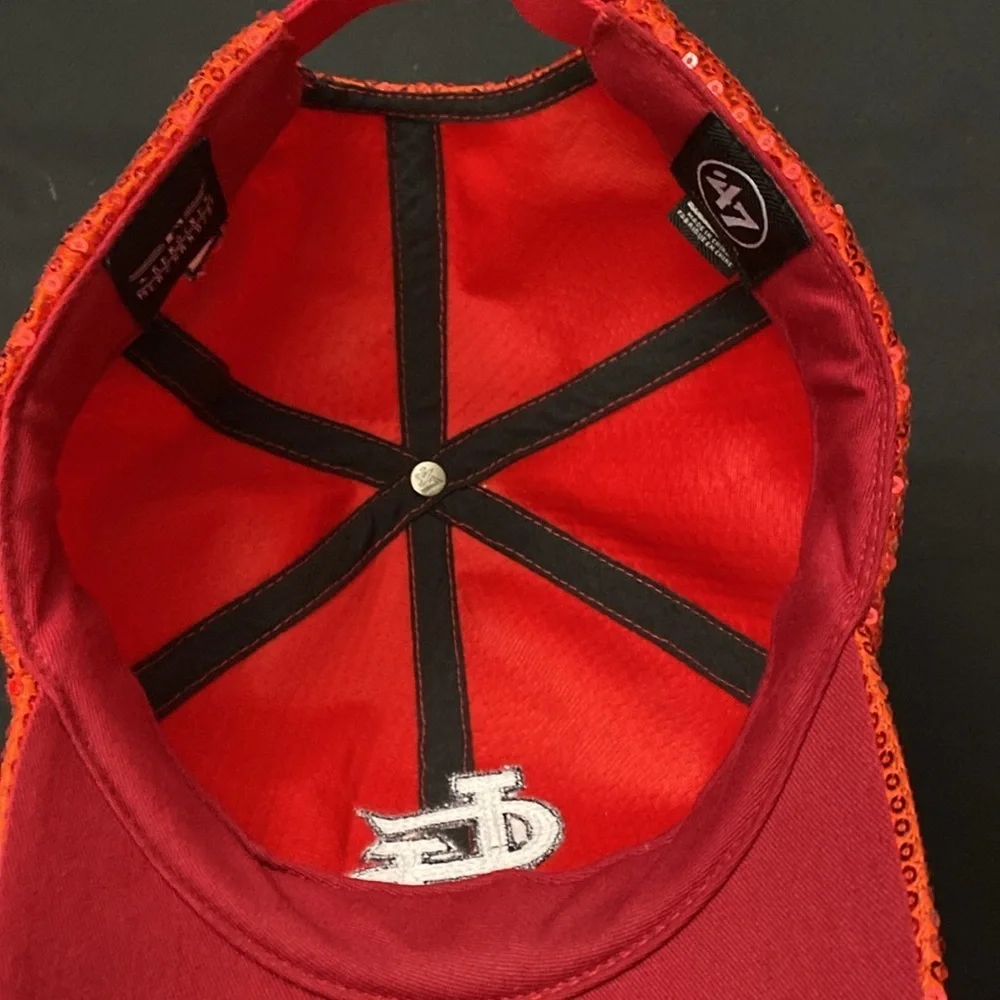 St. Louis Cardinals 47 Brand LIMITED EDITION BLING SEQUIN SPARKLE HAT MLB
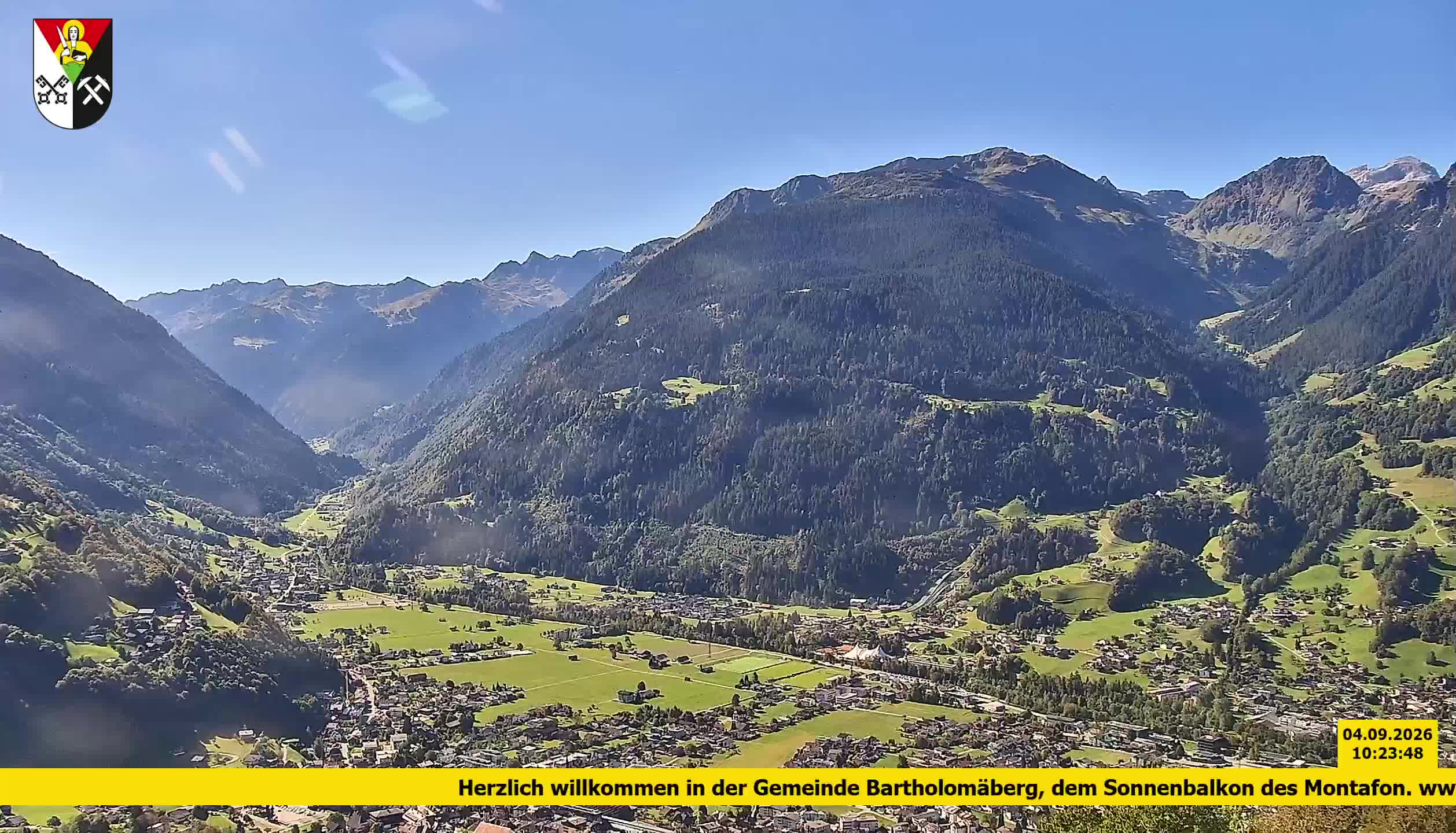 Bartholomäberg | Blick auf Schruns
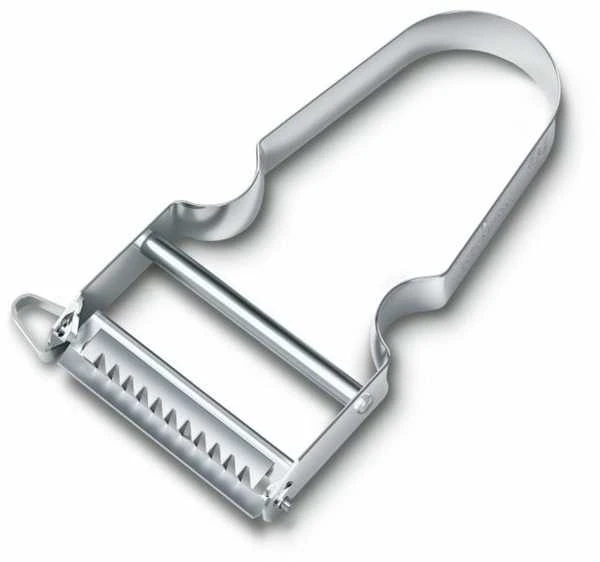 Victorinox Daržovių vaisių skustukas su Julienne STAR peiliukais – sidabrinis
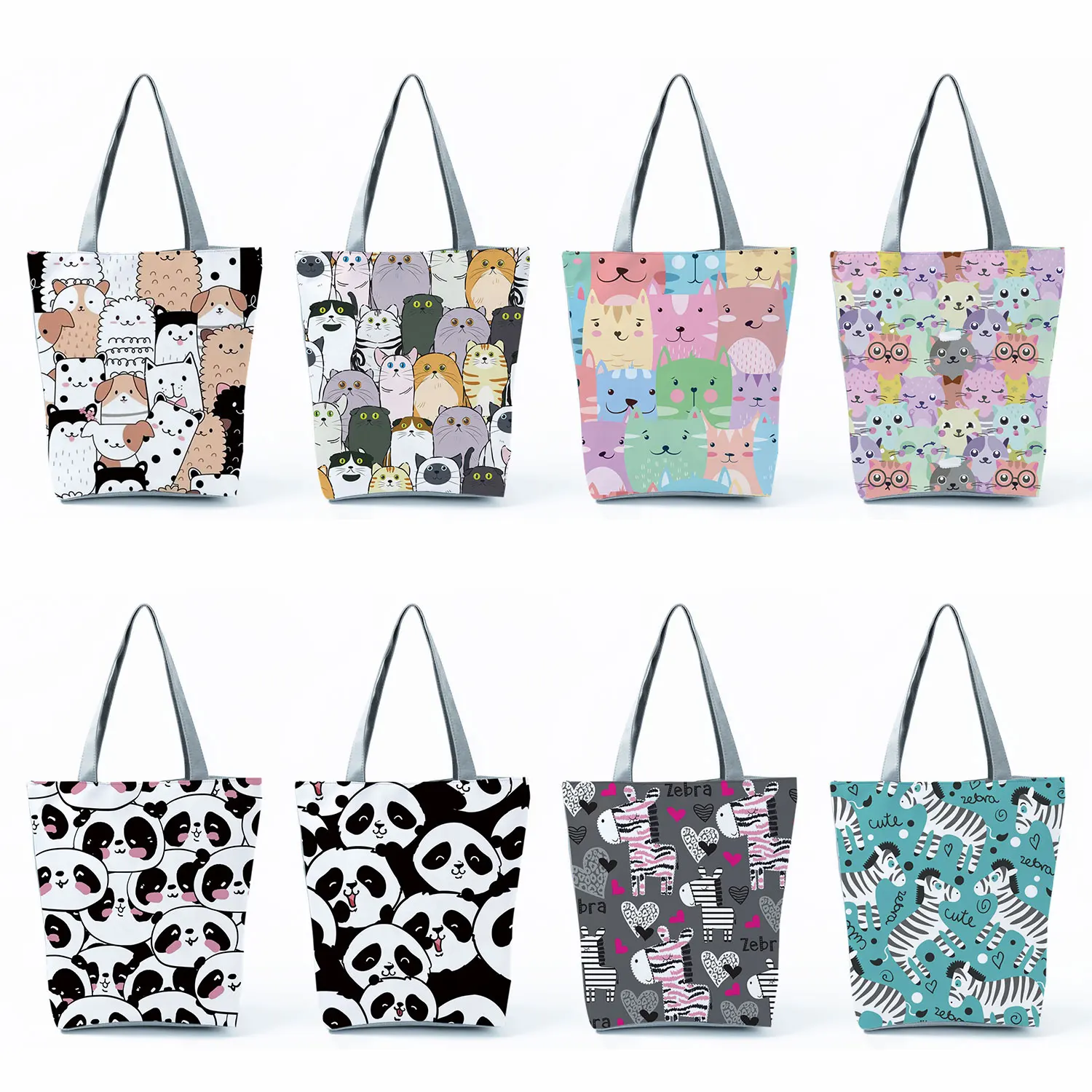 Trend 3D Women Foldable Tote Bag Cute Cartoon Animal Funny Casual Large Capacity Reusable Shopping Shoulder Bags Girl Handbags
Trend 3D Women Foldable Tote Bag Cute Cartoon Animal Funny Casual Large Capacity Reusable Shopping Shoulder Bags Girl Handbags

**********

- EXERCISE -
Set down every line above exactly, pictures excluded.

- TASK ANSWER -
 St. Louis Cardinals 47 Brand LIMITED EDITION BLING SEQUIN SPARKLE HAT MLB
 Bartholomäberg | Blick auf Schruns
 Victorinox Daržovių vaisių skustukas su Julienne STAR peiliukais – sidabrinis
 Trend 3D Women Foldable Tote Bag Cute Cartoon Animal Funny Casual Large Capacity Reusable Shopping Shoulder Bags Girl Handbags
Trend 3D Women Foldable Tote Bag Cute Cartoon Animal Funny Casual Large Capacity Reusable Shopping Shoulder Bags Girl Handbags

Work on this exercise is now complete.